É nessa simbiose que a artista rompe com os convencionalismos do gênero, criando paisagens destituídas de horizonte, de um dado representacional e constitutivo que pudesse localizar o observador nesse emaranhado de espécies. As matas fabuladas de Hamaoui nos convidam a nos embrenharmos, nos fundirmos. São magnéticas. Em certa medida, trazem uma camada de sensualidade, de uma atmosfera úmida e cálida, e lidam com a ideia de friccionar materiais de naturezas distintas, como a tinta a óleo, o bastão e o lápis. Minuciosamente, Hamaoui também escolhe cada tecido que abrigará a pintura, atenta-se à especificidade das fibras de linho ou do algodão cru e o comportamento destes diante dos materiais que usualmente utiliza no processo pictórico.
A dimensão atemporal constitutiva dos trabalhos torna difícil discernir se essas matas atlânticas evocadas pela artista são resquícios de um estrato geológico, de camadas soterradas de vida que habitaram outrora e hoje ressurgem em suas paisagens, ou se são parte integrante de algo por vir. Esses estratos são espécies de lençóis de passado que acumulam-se em regiões da tela, como se pudéssemos extrair dessas camadas algo novo e vivaz.

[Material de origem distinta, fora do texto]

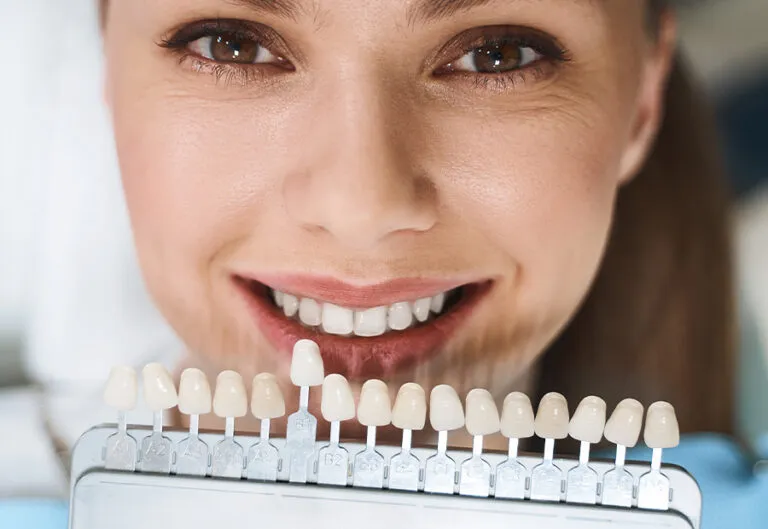 Facette Dentaire Tanger – Patiente comparant les teintes dentaires avant un traitement de facettes dentaires esthétiques.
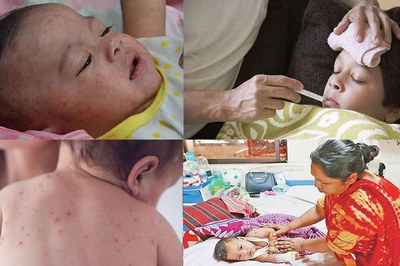 হাম কেন হয়, কিভাবে ছড়ায় এবং প্রতিরোধের উপায় কি?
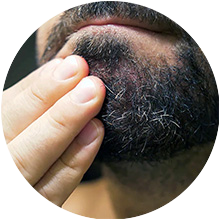 DRY BEARD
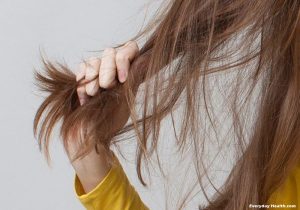 But I'm a Woman! What Is Causing My Hair Loss?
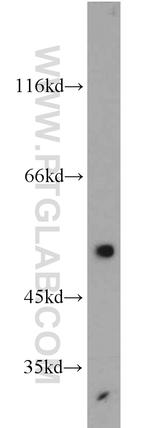 EDNRB Antibody in Western Blot (WB)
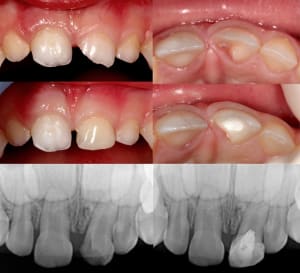 Img 7720  3  mkmbj0 - Eugenol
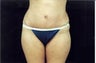 Tummy Tuck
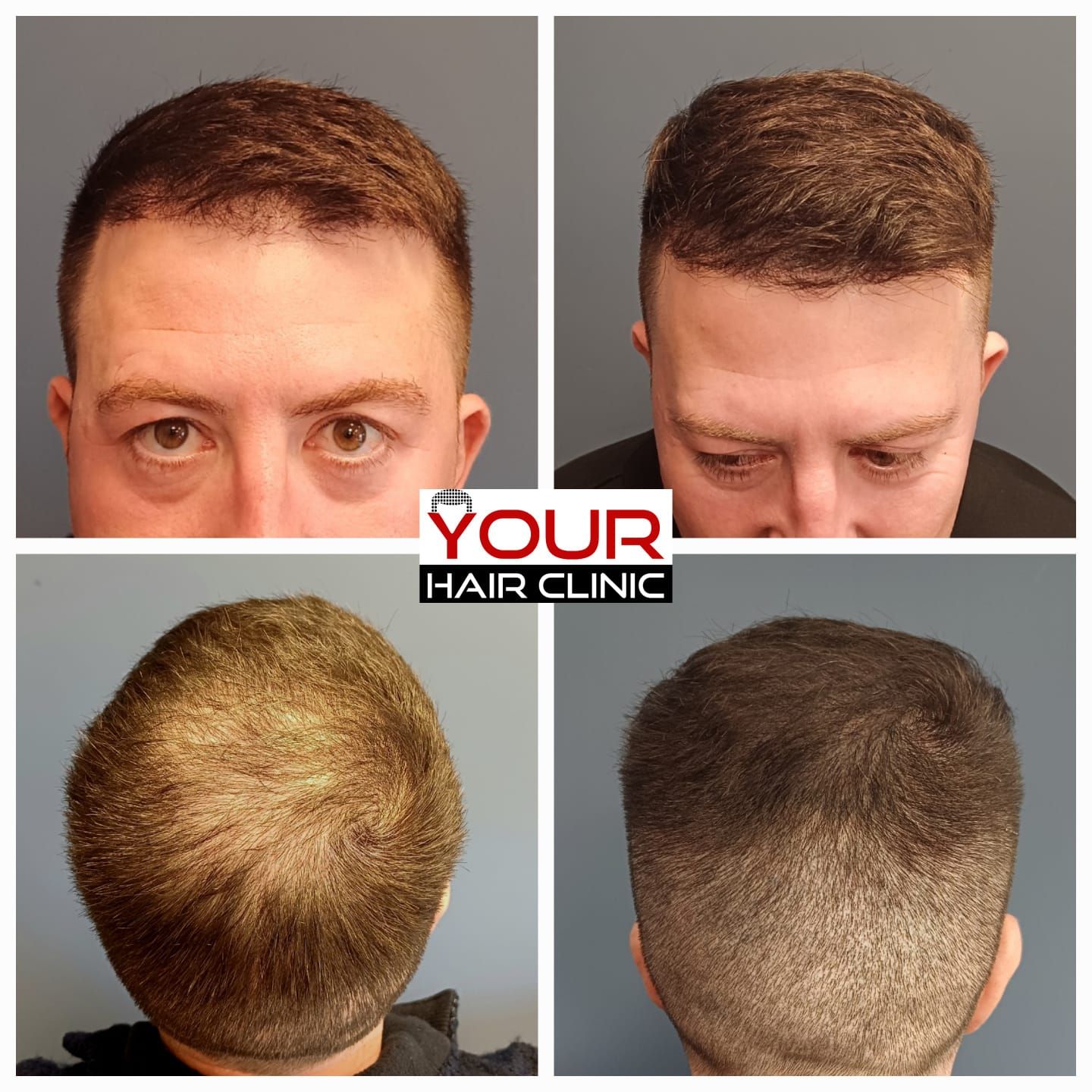 SMP with Hair Transplant Men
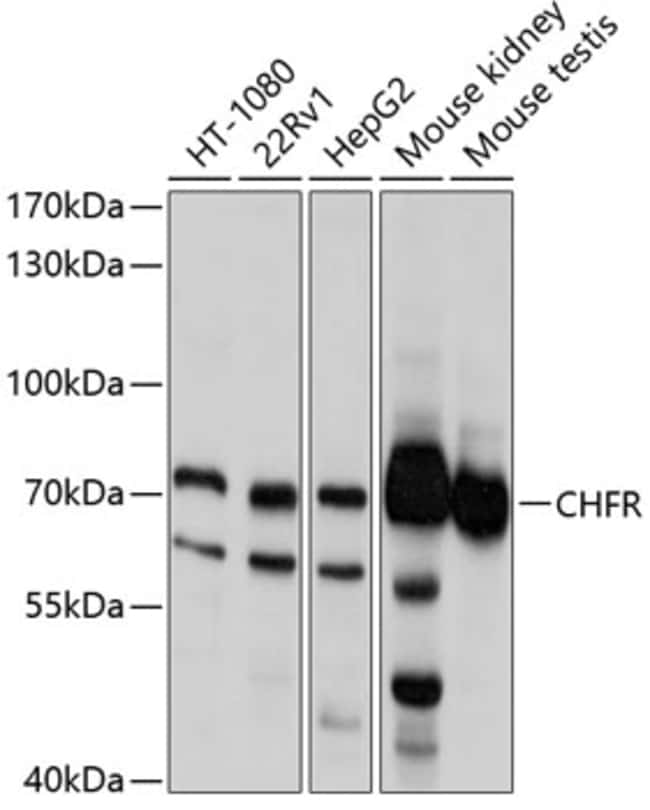 100UL CHFR ANTIBODY 100 ul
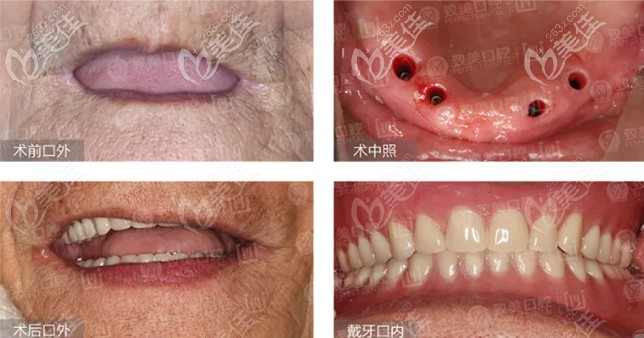 驚訝!隔壁張奶奶花了15萬做allon4全口德國種植牙,當(dāng)場都能吃蘋果了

As metamorfoses de Hamaoui são, em suma, formas fecundas que se espalham e extrapolam inclusive os limites do pictórico. Mesmo ausentes do campo representacional, nossos corpos aderem-se às suas paisagens, reconhecem intuitivamente grande parte da flora ali presente. Passam de uma existência a outra, de espécie a espécie, da célula à Gaia. Como uma polinização, basta um sopro para permitir que essas formas se conectem, dando vida, mais uma vez, à magia do inesperado.